Insight
Fixing the technology contract lifecycle
By Dan Ridge, Practice Lead, Cloud and Infrastructure at Prosource.it
Technology professionals are used to anticipating and solving problems before they cause downtime or user complaints — yet one area often gets ignored, costing companies a lot of money: the management of commercial contracts.
Recognise any of these common issues in your business?
- Late renewals / not aligned to business requirements.
- Missed opportunities to rationalise, consolidate or renegotiate.
- Wasted spend on duplication or extended support costs for tools that should be retired.
- Missed opportunities to rationalise, consolidate or renegotiate.
- Increased vendor lock-in, especially with long-term deals renewed in haste.
- Compliance and security gaps, when contracts outlast the governance frameworks designed to oversee them.
- Lack of horizon planning
With so many other things to do, contract management is often more like scrambling. Scrambling to renew before expiration. Scrambling to understand why there are three tools doing the same thing.
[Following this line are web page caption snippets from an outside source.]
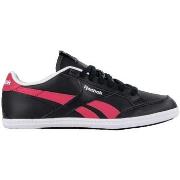 Tennarit Reebok Sport  Royal Transport  35 1/2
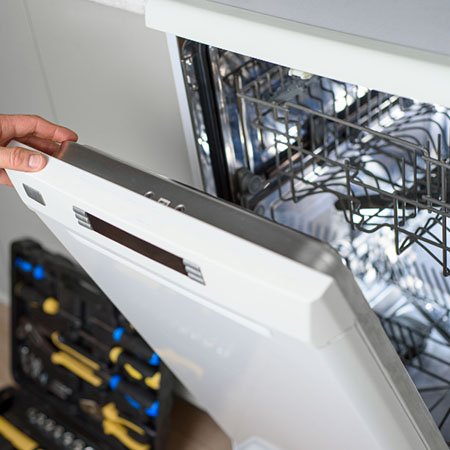 scotts-valley-appliance-repair-image_21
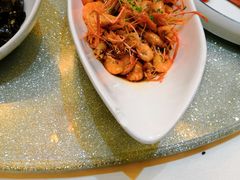 -浒顺大酒店(相城店)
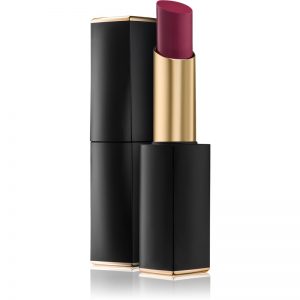 Pierre René Lips Cashmere szminka odcień No 12 3 g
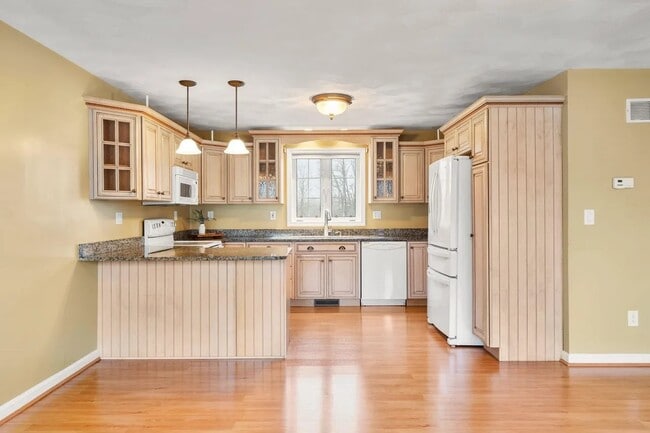 property at 209 Garland Ave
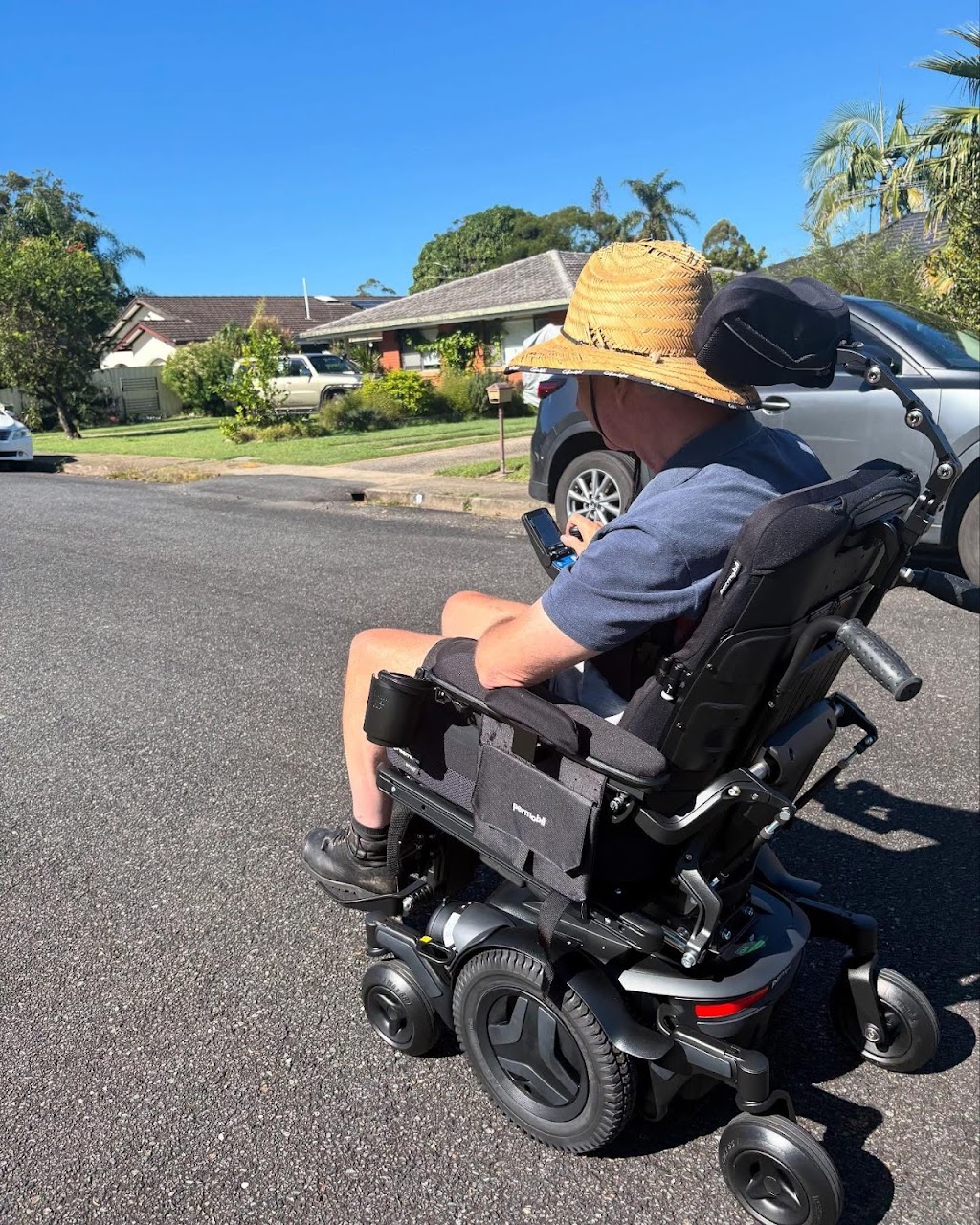 East Coast Occupational Therapy | Unit 2/100 Ocean Dr, Port Macquarie NSW 2444, Australia | Phone: 0438 268 708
Scrambling to justify a renewal that has cropped up unexpectedly. And just layer on the complexity of a M&A or working across many countries and you can see how the problem multiplies.
The cost of undermanagement
Nobody intentionally ignores the contract lifecycle. But between project deadlines, security incidents, infrastructure changes and cloud migrations, contract oversight tends to slip through the cracks.
This often means renewals which have no alignment with IT strategy or the broader technology roadmap. Meanwhile budget is wasted on redundant tools and suppliers providing overlapping functionality.
This is inefficient and can lead to a number of unexpected consequences, such as a tech stack which does not meet the needs of customers.
Build a better system
If you recognise some of these issues, you are certainly not alone. But there is better way. Here are some of the principles that can help guide your team to a better set-up for the future:
- Accept contract governance is not optional: Establish a governance group and make contract reviews part of your IT operational rhythm, just like patch cycles or release planning. This is where exceptions get flagged, standards get enforced and spend gets justified (or not).
- Align contracts with your roadmap: Contract timelines should be mapped to your strategic IT plans. Take the time to consider if the contract is still aligned to these aspirations, if not then pause and assess it properly.
- Assign ownership: Define who owns what. The right governance structure means the consumer requirements are discussed alongside the technology roadmap and software assessment management strategy.
- Enable transparency: Your contract lifecycle tools should be as strategic as your CRM or monitoring stack. Choose a platform that allows teams across regions and functions to see contract status, ownership, usage data and renewal timing in one place.
- Simplify wherever possible: Every organisation has a few zombie tools lurking in the shadows. Forgotten about, but still billing. Make rationalisation a constant discussion point to reduce overlap and maximise value.
And if inter-company cost transfers (ICO) are part of your model, implement a defined process to validate them.
A proactive contract lifecycle process empowers the team to optimise spend and strategic alignment. It also saves time and enables processes that are compliant with ISO standards and audits.
It’s time to turn contract lifecycle management into a strategic lever rather than an embarrassing liability.